Input records:
----------------

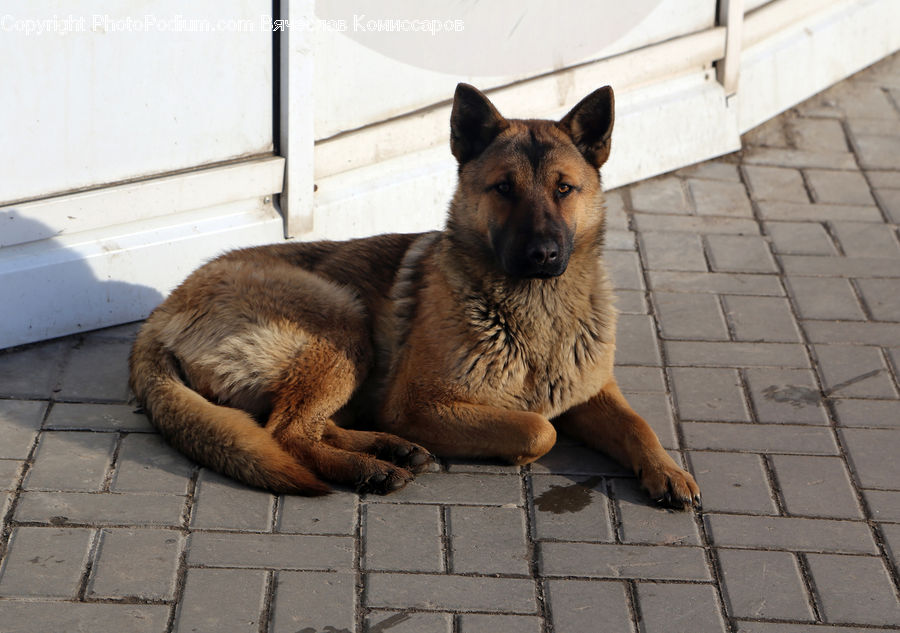 Animal, Canine, Dog, German Shepherd, Mammal, Pet, Zoo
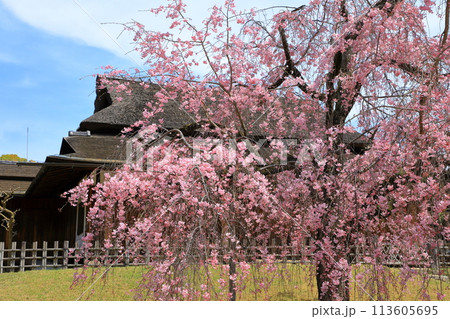 岡山後楽園 しだれ桜と能舞台・栄唱の間 岡山後楽園 しだれ桜と能舞台・栄唱の間 113605695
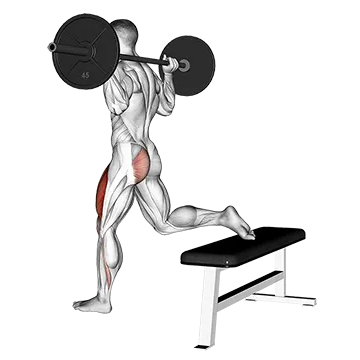 Barbell One Leg Squat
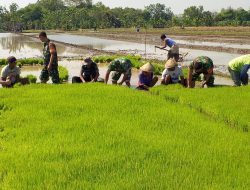 Babinsa Bantu Penyiapan Bibit Padi untuk Musim Tanam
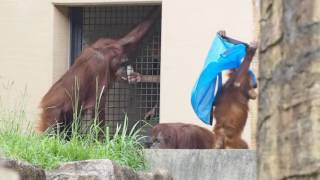 飛び地のロープでご機嫌なキキ・オランウータン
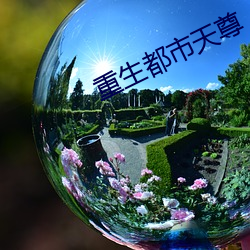 重生都市天(天)尊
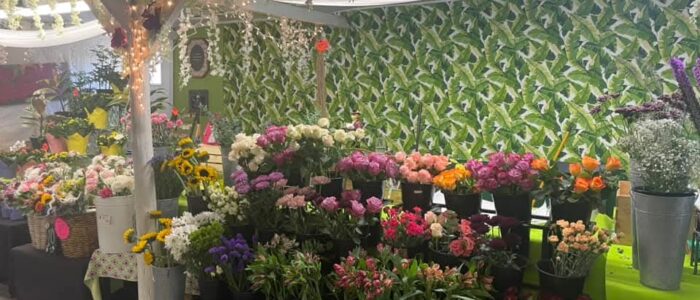Hometown Farmers Market in Tamaqua, PA (6)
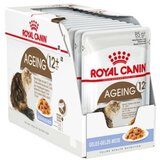 Royal Canin cat ageing +12 in jelly 12 x 85 g cene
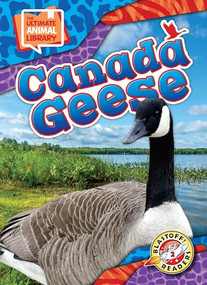 Canada Geese - 9798886870473 by Janie Scheffer, 9798886870473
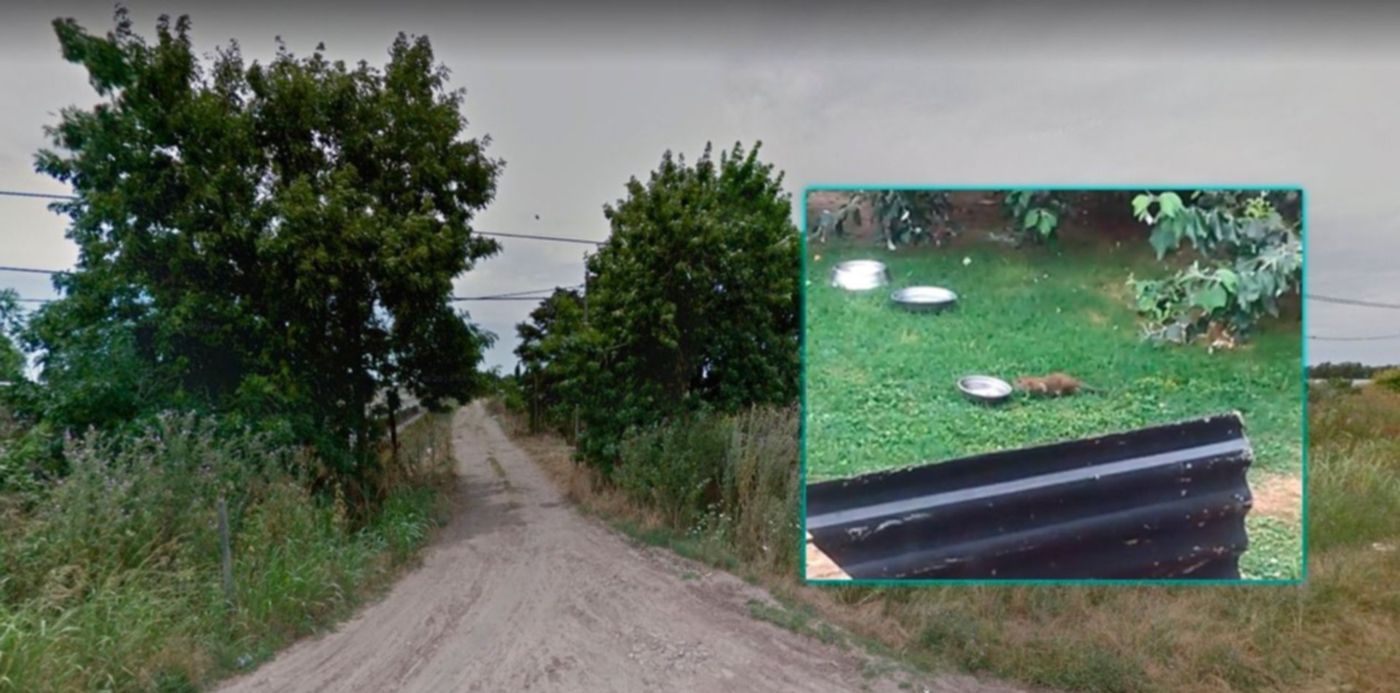 1547647398094.jpg?&cw=1920&ch=950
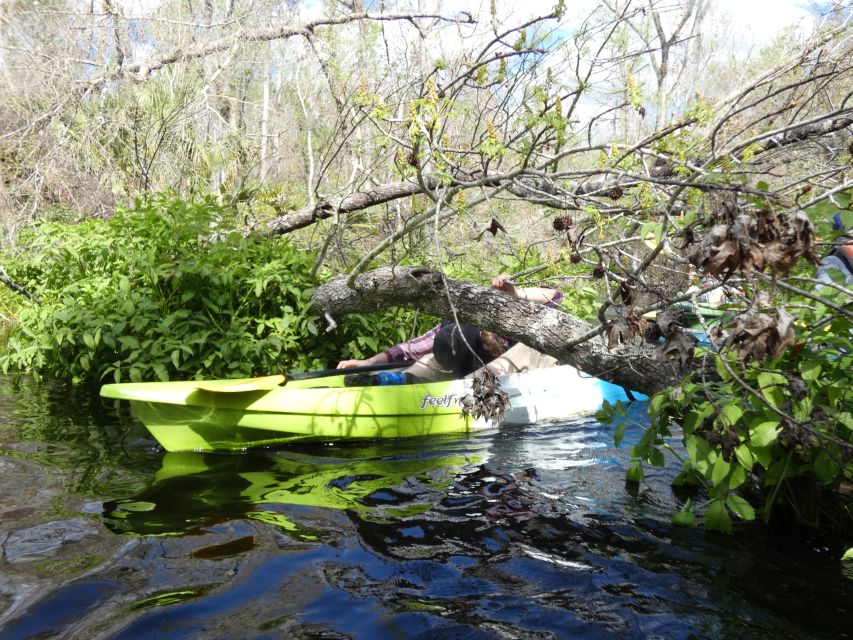 Blackwater Creek: Exclusive Nature Escape Kayak Adventure - Booking and Cancellation Policy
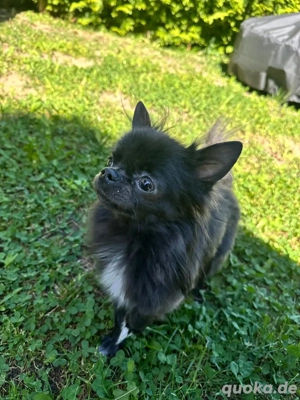 Chihuahua Männchen zu verkaufen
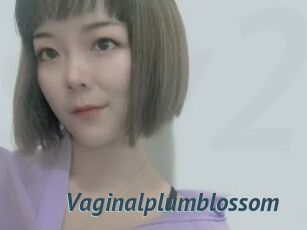 Vaginalplumblossom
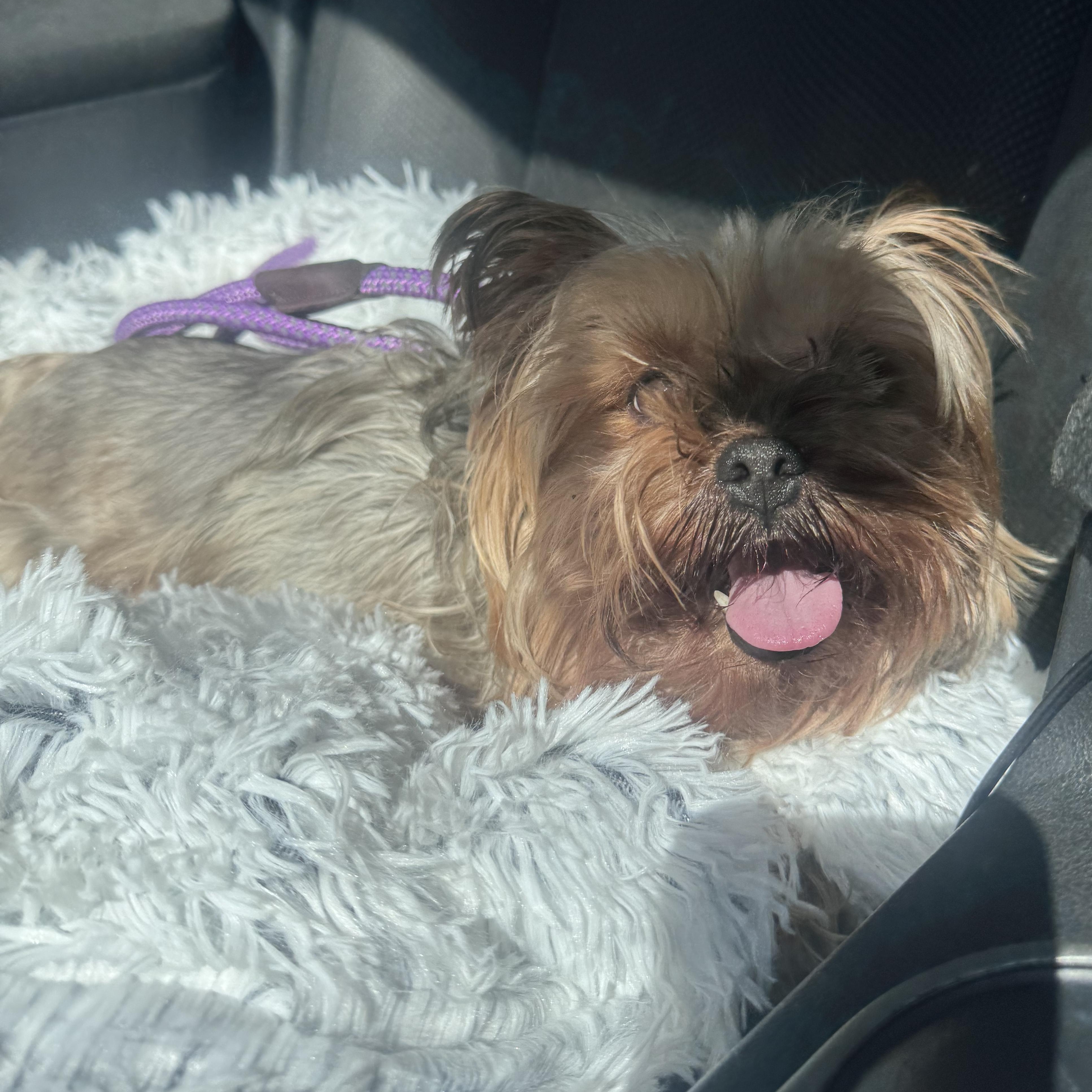 Enlarge Coconut , a Adoptable Yorkshire Terrier in Whittier, CA image 2/3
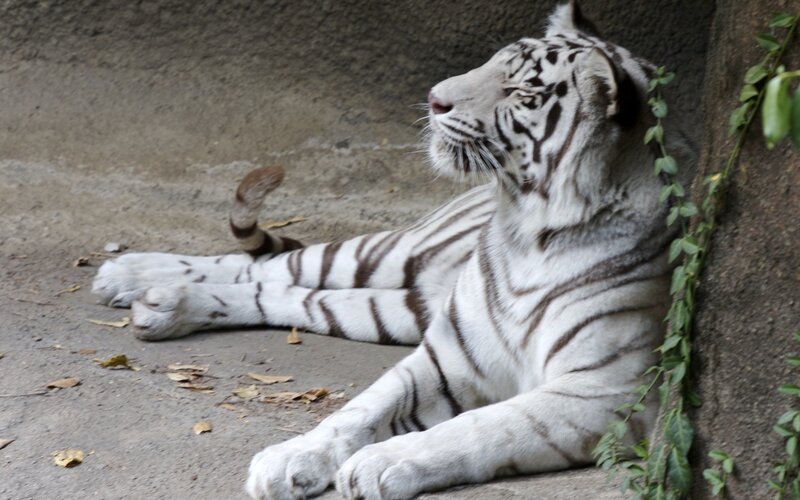 White tiger resting in enclosure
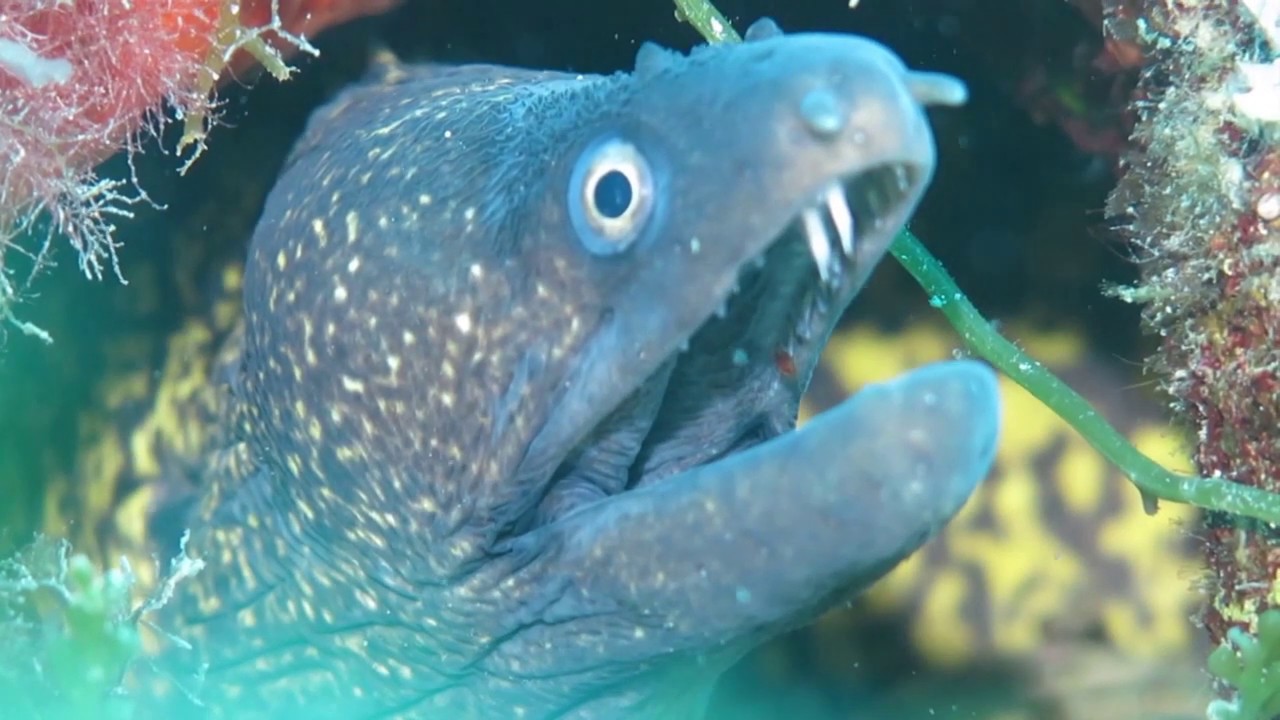 KARABURUN AKINTI DALIŞI ( drift diving )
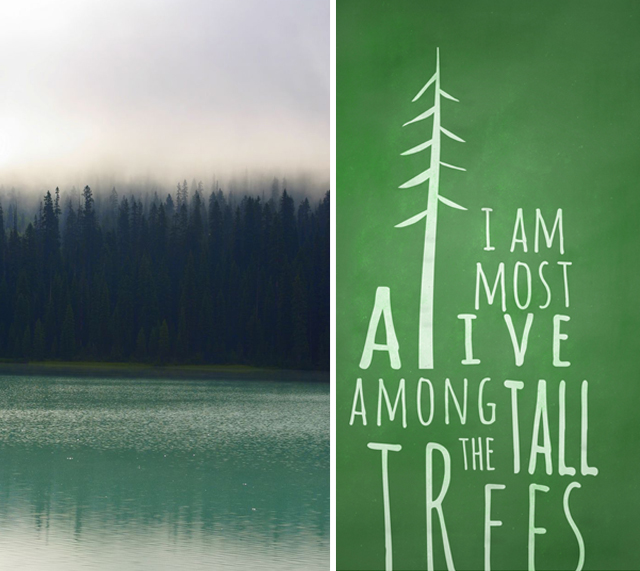 most alive among the tall trees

----------------

What you should do:
Each line from the one containing "Enlarge Coconut , a" through the last line of the listing is to be given again exactly, with no pictures and no other lines.

Result for this exercise:
 Enlarge Coconut , a Adoptable Yorkshire Terrier in Whittier, CA image 2/3
 White tiger resting in enclosure
 KARABURUN AKINTI DALIŞI ( drift diving )
 most alive among the tall trees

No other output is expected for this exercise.